Figure 4.

HUC-MSC treatment protects against DSS-induced acute colitis. Colitis was induced by oral administration of 3.5% (wt/vol) DSS in sterile drinking water for 6 days. Mice were injected intravenously with 2 × 10⁶ HUC-MSCs in 200 μl phosphate-buffered saline (PBS) per mouse in the cell injection group or with 200 μl PBS per mouse in the DSS-treated group at day 1, day 3, and day 5. ^∗p < 0.05; ^∗∗p < 0.01; ^∗∗∗p < 0.005. Error bars: mean ± SD. (a) Survival rate of mice treated with 5% (wt/vol) DSS and different doses of HUC-MSCs. The dose of cells injected into mice was 1 × 10⁵, 2 × 10⁵, and 5 × 10⁵ per mice. (b) Weight changes of mice with or without 3.5% (wt/vol) DSS treatment. (c) Disease activity index (DAI) scores after DSS administration.

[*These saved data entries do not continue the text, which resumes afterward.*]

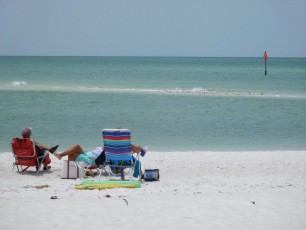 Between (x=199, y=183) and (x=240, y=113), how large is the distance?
1302 cm

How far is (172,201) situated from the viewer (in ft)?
20.8

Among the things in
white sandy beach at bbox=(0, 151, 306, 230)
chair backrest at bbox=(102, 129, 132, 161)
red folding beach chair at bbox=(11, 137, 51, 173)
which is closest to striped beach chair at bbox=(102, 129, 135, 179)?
chair backrest at bbox=(102, 129, 132, 161)

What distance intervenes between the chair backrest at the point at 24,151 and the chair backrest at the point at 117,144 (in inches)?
45.8

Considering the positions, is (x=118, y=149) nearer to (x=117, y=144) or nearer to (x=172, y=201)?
(x=117, y=144)

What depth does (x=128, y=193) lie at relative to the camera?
6.91 m

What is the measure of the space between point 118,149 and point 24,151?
148 cm

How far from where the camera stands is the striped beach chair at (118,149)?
784 centimetres

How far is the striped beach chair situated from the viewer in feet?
25.7

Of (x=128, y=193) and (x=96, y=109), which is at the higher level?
(x=96, y=109)

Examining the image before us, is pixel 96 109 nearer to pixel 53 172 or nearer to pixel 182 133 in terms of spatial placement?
pixel 182 133

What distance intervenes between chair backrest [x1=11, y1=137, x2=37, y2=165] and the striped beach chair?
3.80ft

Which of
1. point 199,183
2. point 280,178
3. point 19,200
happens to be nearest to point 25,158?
point 19,200

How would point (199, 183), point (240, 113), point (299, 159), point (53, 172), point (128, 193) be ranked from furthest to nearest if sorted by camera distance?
1. point (240, 113)
2. point (299, 159)
3. point (53, 172)
4. point (199, 183)
5. point (128, 193)

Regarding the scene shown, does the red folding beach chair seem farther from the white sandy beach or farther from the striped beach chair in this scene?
the striped beach chair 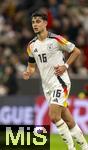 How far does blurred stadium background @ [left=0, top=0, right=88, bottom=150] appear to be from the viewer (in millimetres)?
18688

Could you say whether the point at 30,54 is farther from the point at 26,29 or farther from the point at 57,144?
the point at 26,29

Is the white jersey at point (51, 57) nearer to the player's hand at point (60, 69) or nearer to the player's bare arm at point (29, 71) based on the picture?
the player's hand at point (60, 69)

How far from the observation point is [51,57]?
38.8 ft

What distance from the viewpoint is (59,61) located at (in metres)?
11.8

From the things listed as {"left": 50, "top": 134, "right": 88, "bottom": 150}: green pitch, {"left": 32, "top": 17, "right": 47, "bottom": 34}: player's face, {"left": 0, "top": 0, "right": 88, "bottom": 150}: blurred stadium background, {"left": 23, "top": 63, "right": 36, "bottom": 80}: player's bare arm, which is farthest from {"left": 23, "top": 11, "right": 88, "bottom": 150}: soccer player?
{"left": 0, "top": 0, "right": 88, "bottom": 150}: blurred stadium background

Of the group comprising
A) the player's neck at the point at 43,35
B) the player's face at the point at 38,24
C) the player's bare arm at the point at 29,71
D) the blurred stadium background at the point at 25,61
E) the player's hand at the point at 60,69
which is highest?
the player's face at the point at 38,24

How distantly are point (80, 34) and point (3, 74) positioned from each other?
9.74 feet

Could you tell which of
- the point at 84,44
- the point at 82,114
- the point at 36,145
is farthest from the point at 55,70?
the point at 84,44

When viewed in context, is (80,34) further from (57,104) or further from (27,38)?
(57,104)

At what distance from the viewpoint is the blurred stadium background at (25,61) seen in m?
18.7

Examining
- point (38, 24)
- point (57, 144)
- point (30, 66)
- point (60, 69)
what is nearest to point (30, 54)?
point (30, 66)

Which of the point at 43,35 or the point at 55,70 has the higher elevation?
the point at 43,35


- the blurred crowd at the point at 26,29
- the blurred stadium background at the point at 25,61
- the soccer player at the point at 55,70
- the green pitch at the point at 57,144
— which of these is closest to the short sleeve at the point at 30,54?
the soccer player at the point at 55,70

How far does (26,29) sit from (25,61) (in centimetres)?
160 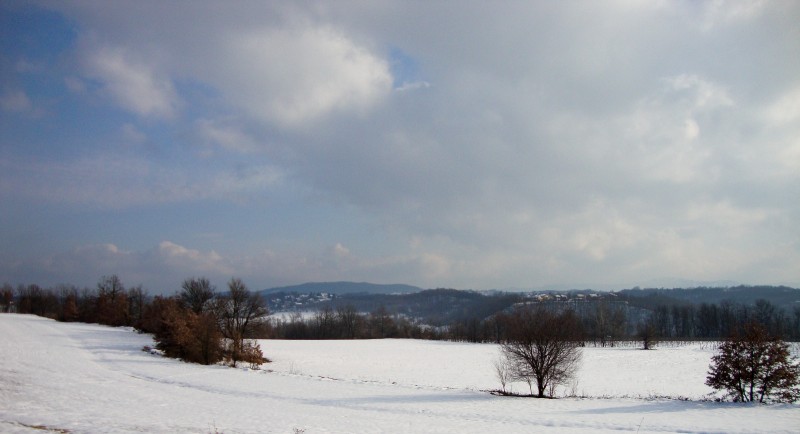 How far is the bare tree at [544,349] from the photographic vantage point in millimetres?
26516

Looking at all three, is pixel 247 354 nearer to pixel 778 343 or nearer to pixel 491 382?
pixel 491 382

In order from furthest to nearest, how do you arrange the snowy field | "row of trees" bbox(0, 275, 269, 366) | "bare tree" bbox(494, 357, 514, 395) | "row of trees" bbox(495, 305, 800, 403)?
1. "row of trees" bbox(0, 275, 269, 366)
2. "bare tree" bbox(494, 357, 514, 395)
3. "row of trees" bbox(495, 305, 800, 403)
4. the snowy field

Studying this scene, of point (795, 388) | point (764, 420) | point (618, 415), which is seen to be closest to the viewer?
point (764, 420)

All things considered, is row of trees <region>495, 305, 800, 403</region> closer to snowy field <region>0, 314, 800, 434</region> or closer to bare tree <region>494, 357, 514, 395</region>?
bare tree <region>494, 357, 514, 395</region>

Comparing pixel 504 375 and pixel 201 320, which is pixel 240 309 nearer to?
pixel 201 320

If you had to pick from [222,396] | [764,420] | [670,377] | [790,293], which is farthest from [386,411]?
[790,293]

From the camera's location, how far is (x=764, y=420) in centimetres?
1778

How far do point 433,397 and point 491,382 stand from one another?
1371cm

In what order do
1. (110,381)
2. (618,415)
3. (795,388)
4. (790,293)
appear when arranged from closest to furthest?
(618,415) → (795,388) → (110,381) → (790,293)

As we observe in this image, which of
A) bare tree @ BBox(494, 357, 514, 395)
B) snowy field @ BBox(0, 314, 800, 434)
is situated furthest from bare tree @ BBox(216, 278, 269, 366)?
A: bare tree @ BBox(494, 357, 514, 395)

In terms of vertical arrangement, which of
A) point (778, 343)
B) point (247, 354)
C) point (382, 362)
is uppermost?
point (778, 343)

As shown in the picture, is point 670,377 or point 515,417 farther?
point 670,377

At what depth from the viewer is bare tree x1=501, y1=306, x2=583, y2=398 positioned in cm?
2652

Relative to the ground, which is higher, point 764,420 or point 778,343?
point 778,343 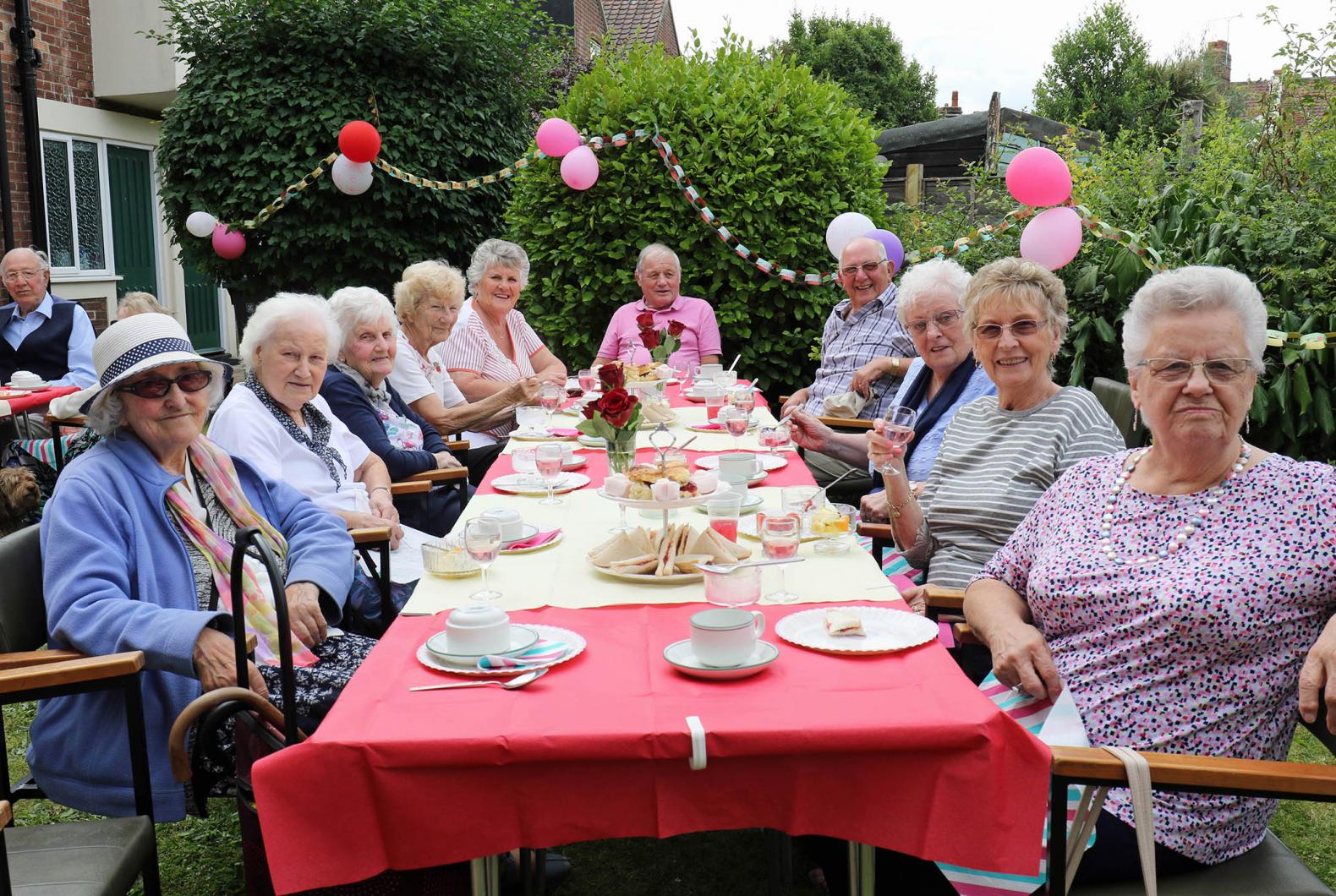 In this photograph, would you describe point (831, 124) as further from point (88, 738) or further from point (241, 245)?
point (88, 738)

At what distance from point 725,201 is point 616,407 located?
4.68m

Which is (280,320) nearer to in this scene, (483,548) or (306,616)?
(306,616)

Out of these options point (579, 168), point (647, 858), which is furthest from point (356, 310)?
point (579, 168)

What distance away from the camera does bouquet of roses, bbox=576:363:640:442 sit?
10.5ft

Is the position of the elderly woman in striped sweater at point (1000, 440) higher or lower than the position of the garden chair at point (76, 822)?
higher

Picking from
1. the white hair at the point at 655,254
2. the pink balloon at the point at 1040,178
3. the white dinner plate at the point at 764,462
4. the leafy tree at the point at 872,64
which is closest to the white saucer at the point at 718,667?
the white dinner plate at the point at 764,462

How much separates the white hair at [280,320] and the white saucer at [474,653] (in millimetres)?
1821

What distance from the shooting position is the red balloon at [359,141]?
333 inches

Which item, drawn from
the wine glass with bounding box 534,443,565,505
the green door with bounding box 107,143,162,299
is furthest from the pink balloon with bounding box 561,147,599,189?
the green door with bounding box 107,143,162,299

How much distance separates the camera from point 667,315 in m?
6.92

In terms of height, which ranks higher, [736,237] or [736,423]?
[736,237]

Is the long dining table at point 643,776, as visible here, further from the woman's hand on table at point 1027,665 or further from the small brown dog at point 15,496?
the small brown dog at point 15,496

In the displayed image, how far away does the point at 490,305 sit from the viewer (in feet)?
20.1

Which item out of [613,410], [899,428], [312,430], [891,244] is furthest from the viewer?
[891,244] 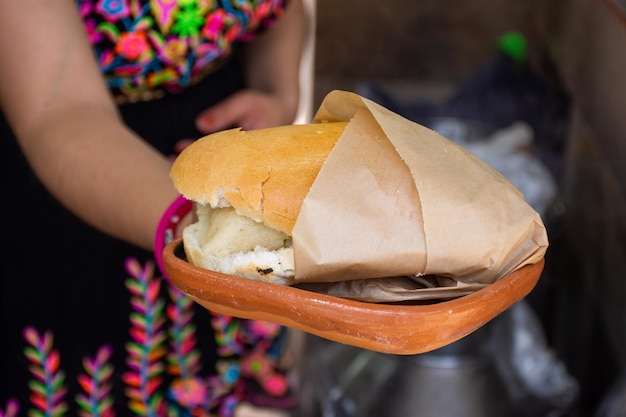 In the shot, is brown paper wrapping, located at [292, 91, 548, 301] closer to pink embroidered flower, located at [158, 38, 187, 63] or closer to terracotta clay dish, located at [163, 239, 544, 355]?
terracotta clay dish, located at [163, 239, 544, 355]

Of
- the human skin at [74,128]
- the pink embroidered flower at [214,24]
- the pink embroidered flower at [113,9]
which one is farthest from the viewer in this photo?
the pink embroidered flower at [214,24]

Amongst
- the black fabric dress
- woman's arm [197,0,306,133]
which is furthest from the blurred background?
the black fabric dress

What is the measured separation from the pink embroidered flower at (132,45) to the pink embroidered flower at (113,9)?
3 centimetres

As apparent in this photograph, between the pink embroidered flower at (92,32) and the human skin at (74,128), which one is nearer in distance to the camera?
the human skin at (74,128)

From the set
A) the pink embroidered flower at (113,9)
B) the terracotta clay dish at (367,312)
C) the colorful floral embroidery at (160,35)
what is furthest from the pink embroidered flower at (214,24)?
the terracotta clay dish at (367,312)

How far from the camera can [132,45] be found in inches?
44.8

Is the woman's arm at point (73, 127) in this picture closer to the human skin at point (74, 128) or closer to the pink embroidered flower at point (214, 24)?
A: the human skin at point (74, 128)

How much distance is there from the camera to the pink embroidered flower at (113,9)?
1085 mm

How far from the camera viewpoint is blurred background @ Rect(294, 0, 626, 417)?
1.47 m

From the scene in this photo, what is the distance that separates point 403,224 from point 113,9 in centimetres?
61

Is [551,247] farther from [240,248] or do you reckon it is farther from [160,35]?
[240,248]

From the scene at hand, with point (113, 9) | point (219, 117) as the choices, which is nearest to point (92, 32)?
point (113, 9)

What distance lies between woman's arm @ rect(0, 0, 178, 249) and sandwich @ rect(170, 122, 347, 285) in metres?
0.11

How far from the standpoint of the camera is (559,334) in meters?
2.07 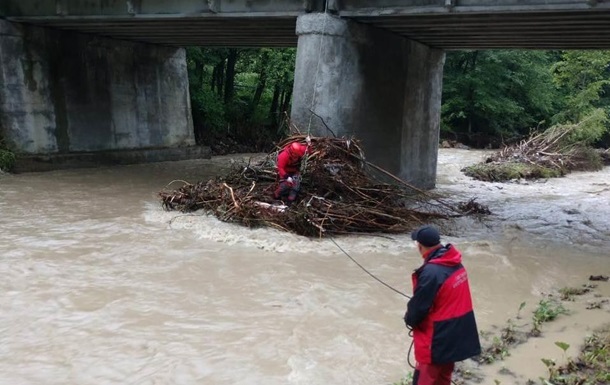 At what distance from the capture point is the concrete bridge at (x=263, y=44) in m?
11.6

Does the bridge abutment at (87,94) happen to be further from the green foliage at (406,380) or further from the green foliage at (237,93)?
the green foliage at (406,380)

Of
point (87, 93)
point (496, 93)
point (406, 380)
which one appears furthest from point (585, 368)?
point (496, 93)

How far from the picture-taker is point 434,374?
3781mm

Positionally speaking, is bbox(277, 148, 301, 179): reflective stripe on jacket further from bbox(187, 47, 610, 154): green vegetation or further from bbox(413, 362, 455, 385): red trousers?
bbox(187, 47, 610, 154): green vegetation

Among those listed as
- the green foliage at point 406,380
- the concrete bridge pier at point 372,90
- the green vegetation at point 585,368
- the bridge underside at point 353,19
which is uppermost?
the bridge underside at point 353,19

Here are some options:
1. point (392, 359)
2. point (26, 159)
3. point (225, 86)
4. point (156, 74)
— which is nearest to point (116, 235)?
point (392, 359)

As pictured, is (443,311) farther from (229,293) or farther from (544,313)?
(229,293)

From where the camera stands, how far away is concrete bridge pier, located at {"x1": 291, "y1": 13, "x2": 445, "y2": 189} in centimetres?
1172

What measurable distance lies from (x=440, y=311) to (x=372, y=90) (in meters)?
9.84

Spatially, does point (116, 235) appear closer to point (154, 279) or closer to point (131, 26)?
point (154, 279)

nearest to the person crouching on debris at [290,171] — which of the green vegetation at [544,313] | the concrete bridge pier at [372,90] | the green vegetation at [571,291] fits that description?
the concrete bridge pier at [372,90]

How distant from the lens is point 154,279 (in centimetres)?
738

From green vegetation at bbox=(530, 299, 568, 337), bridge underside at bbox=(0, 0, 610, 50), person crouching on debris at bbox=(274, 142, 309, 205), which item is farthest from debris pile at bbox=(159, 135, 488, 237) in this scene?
green vegetation at bbox=(530, 299, 568, 337)

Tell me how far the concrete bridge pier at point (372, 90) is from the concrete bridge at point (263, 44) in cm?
3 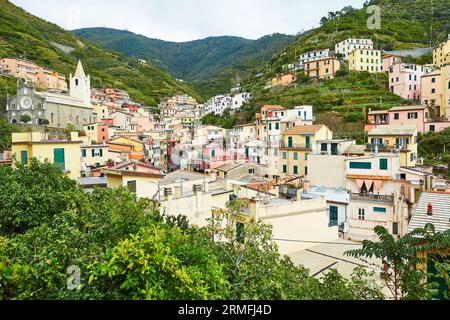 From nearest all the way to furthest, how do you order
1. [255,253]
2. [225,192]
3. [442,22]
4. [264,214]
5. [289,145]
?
[255,253] → [264,214] → [225,192] → [289,145] → [442,22]

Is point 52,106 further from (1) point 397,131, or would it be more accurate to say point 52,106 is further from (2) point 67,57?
(2) point 67,57

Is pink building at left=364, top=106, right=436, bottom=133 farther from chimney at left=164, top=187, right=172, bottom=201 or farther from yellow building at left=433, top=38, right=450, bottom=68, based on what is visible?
chimney at left=164, top=187, right=172, bottom=201

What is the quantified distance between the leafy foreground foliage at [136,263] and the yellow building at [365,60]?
246 ft

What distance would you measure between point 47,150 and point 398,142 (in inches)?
1262

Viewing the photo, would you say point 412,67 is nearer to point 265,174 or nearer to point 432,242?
point 265,174

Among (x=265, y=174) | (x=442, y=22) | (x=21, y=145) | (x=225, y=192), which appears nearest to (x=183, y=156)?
(x=265, y=174)

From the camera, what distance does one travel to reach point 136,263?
16.4 ft

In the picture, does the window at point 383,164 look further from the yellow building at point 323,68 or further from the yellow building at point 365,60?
the yellow building at point 365,60

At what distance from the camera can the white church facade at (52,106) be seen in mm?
57031

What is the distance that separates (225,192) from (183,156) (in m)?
34.1

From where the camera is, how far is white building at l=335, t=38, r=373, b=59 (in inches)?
3187

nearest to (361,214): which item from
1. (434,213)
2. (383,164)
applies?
(383,164)

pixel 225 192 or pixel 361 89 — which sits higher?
pixel 361 89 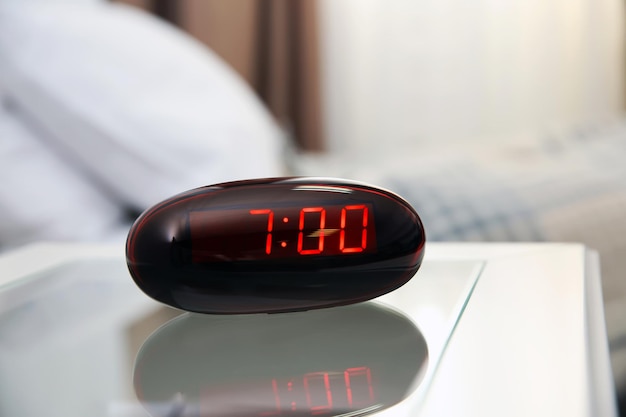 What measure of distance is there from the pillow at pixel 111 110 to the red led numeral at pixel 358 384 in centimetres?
63

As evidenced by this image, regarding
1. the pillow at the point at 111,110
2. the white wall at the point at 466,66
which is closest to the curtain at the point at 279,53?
the white wall at the point at 466,66

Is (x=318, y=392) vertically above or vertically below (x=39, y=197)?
above

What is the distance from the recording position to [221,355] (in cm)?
34

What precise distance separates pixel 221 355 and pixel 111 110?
0.65 metres

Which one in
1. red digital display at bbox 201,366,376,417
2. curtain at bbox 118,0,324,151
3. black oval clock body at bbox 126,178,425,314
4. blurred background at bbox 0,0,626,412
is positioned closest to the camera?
red digital display at bbox 201,366,376,417

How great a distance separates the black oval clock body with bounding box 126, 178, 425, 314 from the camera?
0.38 meters

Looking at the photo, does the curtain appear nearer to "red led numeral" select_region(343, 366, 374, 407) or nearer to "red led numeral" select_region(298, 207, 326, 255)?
"red led numeral" select_region(298, 207, 326, 255)

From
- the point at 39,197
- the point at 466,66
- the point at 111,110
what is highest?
the point at 111,110

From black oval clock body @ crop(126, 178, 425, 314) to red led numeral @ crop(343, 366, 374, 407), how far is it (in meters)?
0.09

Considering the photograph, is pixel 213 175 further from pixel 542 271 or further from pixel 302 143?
pixel 302 143

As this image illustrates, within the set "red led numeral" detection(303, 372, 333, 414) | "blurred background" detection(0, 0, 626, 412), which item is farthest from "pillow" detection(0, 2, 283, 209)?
"red led numeral" detection(303, 372, 333, 414)

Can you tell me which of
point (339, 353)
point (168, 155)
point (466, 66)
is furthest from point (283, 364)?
point (466, 66)

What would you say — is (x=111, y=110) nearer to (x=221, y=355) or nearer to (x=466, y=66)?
(x=221, y=355)

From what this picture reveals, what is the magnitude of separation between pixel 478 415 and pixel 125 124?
0.76 metres
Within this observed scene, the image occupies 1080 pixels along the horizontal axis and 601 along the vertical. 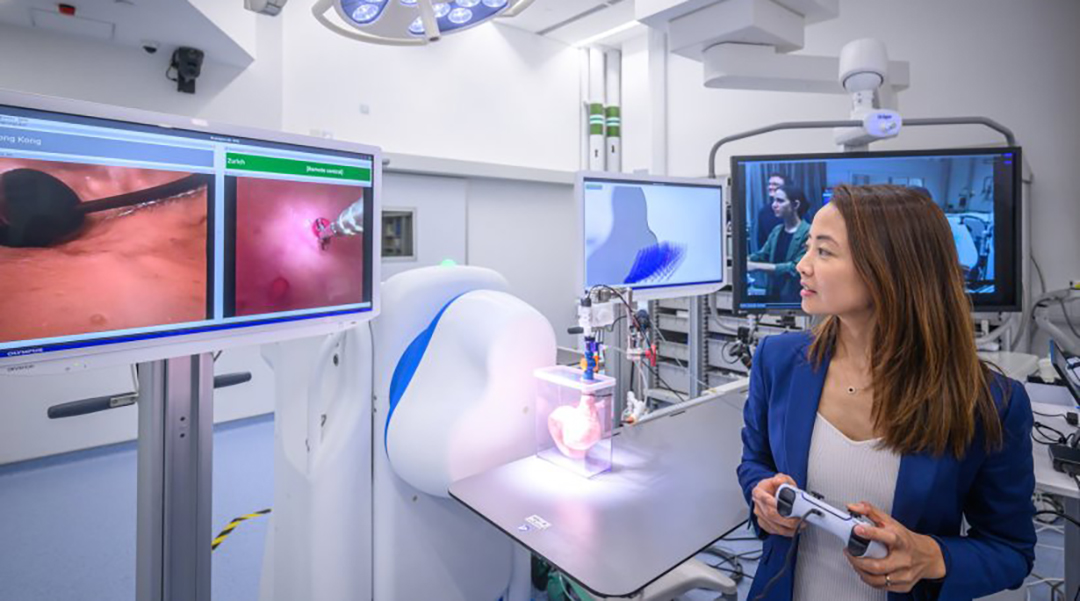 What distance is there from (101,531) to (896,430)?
9.87ft

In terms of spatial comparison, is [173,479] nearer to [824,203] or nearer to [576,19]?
[824,203]

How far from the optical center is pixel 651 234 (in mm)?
1688

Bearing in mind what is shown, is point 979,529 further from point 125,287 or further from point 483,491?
point 125,287

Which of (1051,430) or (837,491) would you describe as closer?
(837,491)

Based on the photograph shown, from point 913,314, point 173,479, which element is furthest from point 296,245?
point 913,314

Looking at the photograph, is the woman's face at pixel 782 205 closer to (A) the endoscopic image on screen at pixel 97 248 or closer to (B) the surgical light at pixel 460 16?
(B) the surgical light at pixel 460 16

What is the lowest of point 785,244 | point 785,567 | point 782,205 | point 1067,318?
point 785,567

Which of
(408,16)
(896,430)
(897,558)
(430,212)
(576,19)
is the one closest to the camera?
(897,558)

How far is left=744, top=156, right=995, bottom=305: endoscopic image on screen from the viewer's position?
5.65 ft

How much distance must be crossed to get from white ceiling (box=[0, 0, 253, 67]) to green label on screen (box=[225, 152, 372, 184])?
7.03 feet

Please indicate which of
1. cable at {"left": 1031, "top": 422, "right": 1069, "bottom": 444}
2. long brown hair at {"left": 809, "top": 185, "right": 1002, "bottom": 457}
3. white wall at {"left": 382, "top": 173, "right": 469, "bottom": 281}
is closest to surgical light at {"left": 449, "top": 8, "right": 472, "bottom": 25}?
long brown hair at {"left": 809, "top": 185, "right": 1002, "bottom": 457}

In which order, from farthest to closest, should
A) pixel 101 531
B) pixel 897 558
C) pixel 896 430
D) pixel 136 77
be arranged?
pixel 136 77, pixel 101 531, pixel 896 430, pixel 897 558

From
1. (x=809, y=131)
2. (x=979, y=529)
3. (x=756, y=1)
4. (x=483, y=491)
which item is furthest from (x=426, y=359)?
(x=809, y=131)

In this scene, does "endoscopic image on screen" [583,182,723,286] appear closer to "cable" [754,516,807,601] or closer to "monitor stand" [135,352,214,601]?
"cable" [754,516,807,601] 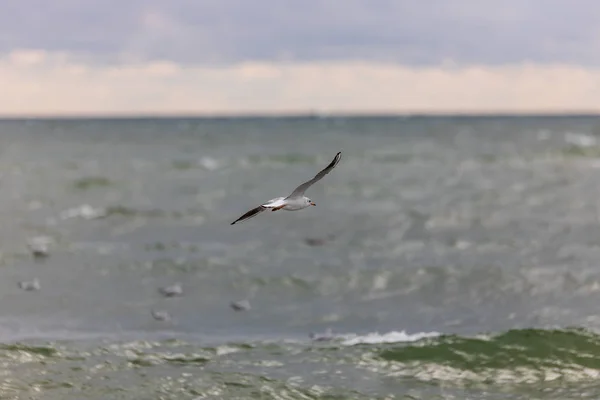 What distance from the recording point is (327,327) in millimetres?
15711

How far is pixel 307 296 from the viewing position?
1789cm

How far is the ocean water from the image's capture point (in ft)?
41.9

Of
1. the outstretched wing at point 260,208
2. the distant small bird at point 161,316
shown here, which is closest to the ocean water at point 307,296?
the distant small bird at point 161,316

Clinical evolution was monitored by weight change, stool consistency, and presence of fecal blood. (d) Statistics of colon lengths in normal, DSS-, and HUC-MSC-treated groups. (e) Evaluation of colonic permeability with FITC-dextran in serum of colitis mice. (f) Evaluation of colonic permeability with western blot. (g) Hematoxylin-eosin (HE) staining of colons. Intravenous injection of HUC-MSCs promotes histological improvement. Colon histology demonstrated intravenously administered HUC-MSCs reduced the extent of the inflamed area, crypt damage, and infiltration of inflammatory cells caused by DSS.